A sexy, riveting psychological thriller about a young man with an unknowable past who lands in a small town, seduces a man's wife and steals his beloved dog. Nat Banyon is young, handsome and slightly... This description may be from another edition of this product.

Customer Reviews

5 ratings

Intense, with a capital I

A highly riveting, frightening read. The people in this book are so real and multilayered that I had the glancing-over-my-shoulder feeling reading about them that I had, without being aware of it, often crossed paths with them in many corners of America. The emotions and tensions within each of them is palpable. And the story's plot evolves so subtle(ly), and so within the context of the underlying story, that it's final mind-bending conclusion is both impossible to foresee and, in retrospect, clear as a bell. And what a rich, fertile, complex world somewhere (or maybe anywhere is the point) in rural mid-America this all happens in. What a skillful piece of work. I agree with the earlier reviewer who said that Jones is a one of a kind (it's hard to know who to compare him to completely uncompromising writer whose work has to now mysteriously remained beneath the commercial radar. This is the third of his novels I have read. Though each one is much different from the others, they all left me with the same from the gut, powerful and lasting impression. I strongly recommend this book and this writer to anyone who likes both a great story and great writing.

As good as advertised

I was never quite comfortable while reading this book, which is part of what made it such a powerful read. The apparent straightforward style of the writing belies the complexity of the characters and of the story unfolding around them at the Deepwater Motel and helps to create an eerie and increasingly dark sense of anticipation. The book draws you further and further into the world it creates in the way of a current slowly drawing a swimmer into a whirlpool. With stunning descriptiveness and powerful imagery Jones creates a deceptively beautiful world and characters all too real to feel comfortable around. A dizzying and in the end very frightening story. And tremendously well written.

A Chilling, erotic tale

A phsycologist friend of mine passed this book on to me, hyping it as one of the most intriguing character studies he'd ever come across. I couldn't agree more, though the book is also a first class, and very edgy mystery. Nat Banyon, the book's drifter protagonist is a character who is immediately likable and remains that way even after all we learn about him. Jones's mastery (think of being in Jim Thompson's world as seen by someone with the literary gifts of Cormac McCarthy)is in slowly revealing more and more of this outwardly simple man's tormented inner life, a life that he himself is only remotely (and sometimes not at all) in touch with. The seething emotions inside of the man, and the root of those emotions, are so accurately and eerily drawn I found myself feeling as if I were actually inside of Banyon's head and wanting on one hand to escape from it, while on the other feeling irresistably drawn to getting to the very core of what makes him the personality he is. A very disorienting feeling indeed. And the real beauty of the book is that it can on one level be read as a straight noir mystery, as it is easy to read and has a very compelling plot in the real world, outside of Banyon's head. But each sentence in the book is so compact and artfully drawn as to portray much more than what is actually happening on the page. Even when this guy seems only to be driving a car, hitting a punching bag, painting the side of building, making love to his boss's wife, you can feel, through Jones's simple but compact sentences, the anger, fear, paranoia seething just under his surface. What this book isn't, thank God, is a by the numbers, formulaic mystery. What it is a frightenigly accurate, downright scary portrayal of a walking time bomb, who doesn't even know his fuse is lit. Great work.

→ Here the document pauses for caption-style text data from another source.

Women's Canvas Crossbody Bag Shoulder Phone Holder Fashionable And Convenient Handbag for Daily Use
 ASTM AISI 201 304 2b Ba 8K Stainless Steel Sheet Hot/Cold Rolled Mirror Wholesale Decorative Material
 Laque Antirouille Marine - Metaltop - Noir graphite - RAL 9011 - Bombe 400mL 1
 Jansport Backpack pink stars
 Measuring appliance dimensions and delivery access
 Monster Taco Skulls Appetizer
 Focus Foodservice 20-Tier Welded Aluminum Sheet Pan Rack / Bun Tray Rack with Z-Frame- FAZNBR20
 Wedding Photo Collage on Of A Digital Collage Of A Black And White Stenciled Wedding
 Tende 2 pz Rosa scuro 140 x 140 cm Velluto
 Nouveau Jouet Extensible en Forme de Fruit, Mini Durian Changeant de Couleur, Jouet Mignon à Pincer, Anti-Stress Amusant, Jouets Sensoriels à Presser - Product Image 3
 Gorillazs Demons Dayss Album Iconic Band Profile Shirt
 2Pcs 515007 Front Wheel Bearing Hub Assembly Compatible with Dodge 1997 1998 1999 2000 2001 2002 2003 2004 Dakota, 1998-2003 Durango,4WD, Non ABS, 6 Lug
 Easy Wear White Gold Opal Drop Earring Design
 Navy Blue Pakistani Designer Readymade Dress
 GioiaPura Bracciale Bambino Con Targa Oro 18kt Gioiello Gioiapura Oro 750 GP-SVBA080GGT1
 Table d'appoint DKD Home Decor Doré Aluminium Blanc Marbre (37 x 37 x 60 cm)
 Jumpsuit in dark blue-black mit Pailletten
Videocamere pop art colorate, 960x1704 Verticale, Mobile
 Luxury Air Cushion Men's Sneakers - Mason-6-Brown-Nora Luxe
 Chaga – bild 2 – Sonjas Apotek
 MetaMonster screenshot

Much more than just a great mystery, a great book

For even more than the great story it tells, its charged erotocism, and its suspense, which is nearly unbearable, I loved this book for its exploration and dead-on depiction of two of the most complex, compelling, and, ultimately, frightening fictional characters (Nat Banyon and Herman Finch) I have come across in a long while. Part of the beauty of the story comes from the fact that it is at the same time both absolutely unpredictable and completely consistent with the characters Jones has created. And what characters they are! (made even more frightening for their total believability and because you can't help but like something in each one of them). A truly remarkable achievement. I highly recommend this book and will certainly read more of this author's work.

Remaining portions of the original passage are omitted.